Other Causes of Chronic Cough
These include chronic pharyngitis, upper airway cough syndrome, gastroesophageal reflux, and certain cardiovascular diseases (e.g., mitral stenosis).
Treatment
Treatment During Acute Exacerbations
Empirical antibiotics are often chosen based on the common pathogens in the patient’s region. Oral administration is typical, but intravenous antibiotics may be required for severe cases. Examples include:
- Levofloxacin 0.5 g once daily
- Azithromycin 0.5 g once daily
- Cefuroxime 0.5 g twice daily
If pathogenic bacteria are cultured, antibiotics can be selected based on drug sensitivity testing.

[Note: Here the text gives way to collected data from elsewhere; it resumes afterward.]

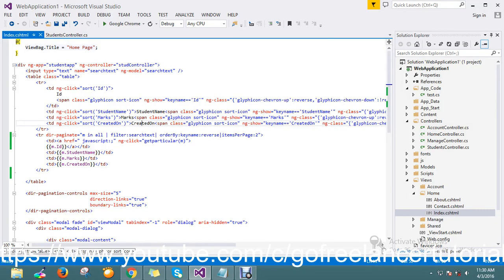Hi guys, so we are seeing our AngularJS tutorial from past few sessions. Today we are at a good stage of developing the AngularJS. Before going to show the next task or topic, I just want to review what we have done so far, so that we get a loop of what we're going to do in the future.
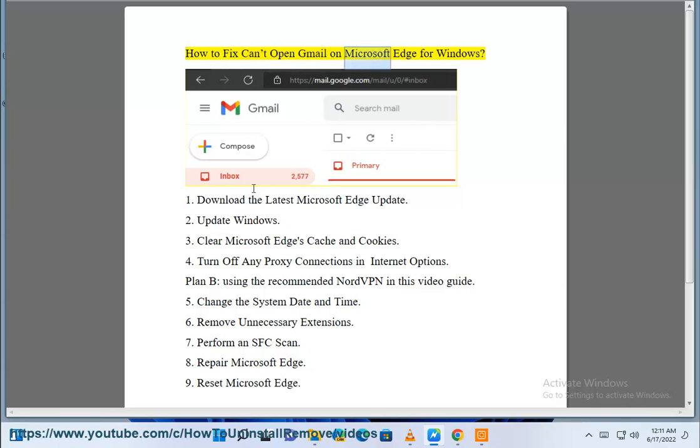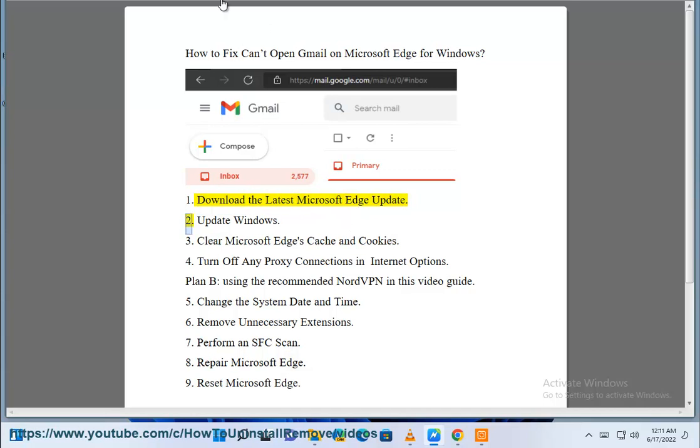How to fix can't open Gmail on Microsoft Edge for Windows. Fix 1: Download the latest Microsoft Edge update.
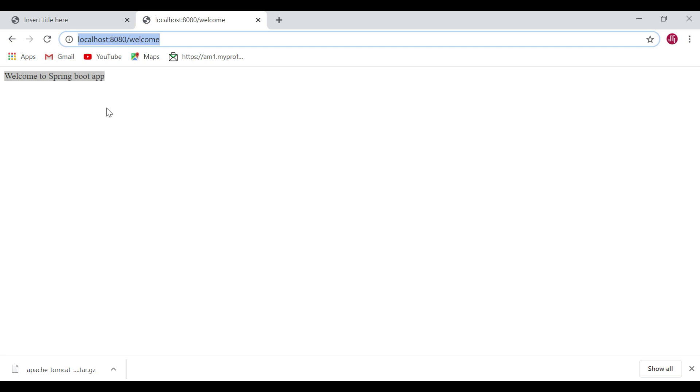I hope you understood how to run a Spring Boot application from the command line. Thanks for watching — subscribe to my YouTube channel so you get notified whenever I publish new videos. I'll see you in the next video.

Cough suppression and mucolytics:
- Compound licorice mixture (10 ml, 3 times daily)
- Bromhexine (8-16 mg, 3 times daily)
- Ambroxol hydrochloride (30 mg, 3 times daily)
For patients with predominantly dry cough, antitussive medications can be used.
For patients with wheezing, bronchodilators such as aminophylline (0.1 g, 3 times daily) or sustained-release theophylline can be added, inhaled β2-adrenergic agonists or anticholinergic drugs can also be used.
Treatment During Remission
Treatment options including:
- Smoking cessation and avoidance of harmful gases or particles are essential.
- Strengthening physical fitness and preventing colds.
For patients with recurrent respiratory infections, immunomodulators (e.g., influenza vaccine, pneumococcal vaccine, BCG polysaccharide nucleic acid, thymosin) may be considered.
Prognosis
Some patients can achieve symptom control without significant impact on work or daily life. However, others may progress to chronic obstructive pulmonary disease.